Last year’s dynamic inflation and rate environment resulted in a 26% appreciation in gold prices, reported Forbes, as investors flocked to the safe-haven precious metal. Prices continued to make significant gains in the opening months of 2025. Gold climbed to $2,950 per troy ounce in trading on Tuesday after notching record highs last week. As the precious metal flirts with the key $3,000 psychological threshold, ongoing macroeconomic risks create the potential for further tailwinds for gold prices this year.
“Gold is trading at an all-time high.
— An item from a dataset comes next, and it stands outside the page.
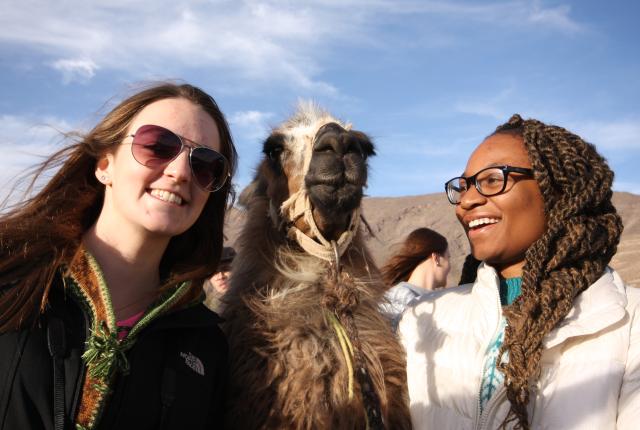 students pose for a photo with a llama in Jujuy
Surveys suggest that even longer-term consumer inflation expectations are stuck above 3%, and market inflation expectations are creeping upward,” Jeff Blazek, co-CIO, multi-asset strategies and Erik Knutzen, CFA, Co-CIO, multi-asset strategies at NB explained in the firm’s CIO Weekly Perspectives. “Most prominently, seemingly every commentator worries about the inflationary impact of tariffs.”
The threat of climbing inflation and the potential for interest rate hikes instead of cuts this year could lead to further market volatility. It’s an environment where safe havens, such as gold, generally hold great appeal for investors and banks alike. Many central banks also continue to buy gold, driving consistent demand and the potential for further pricing pressures.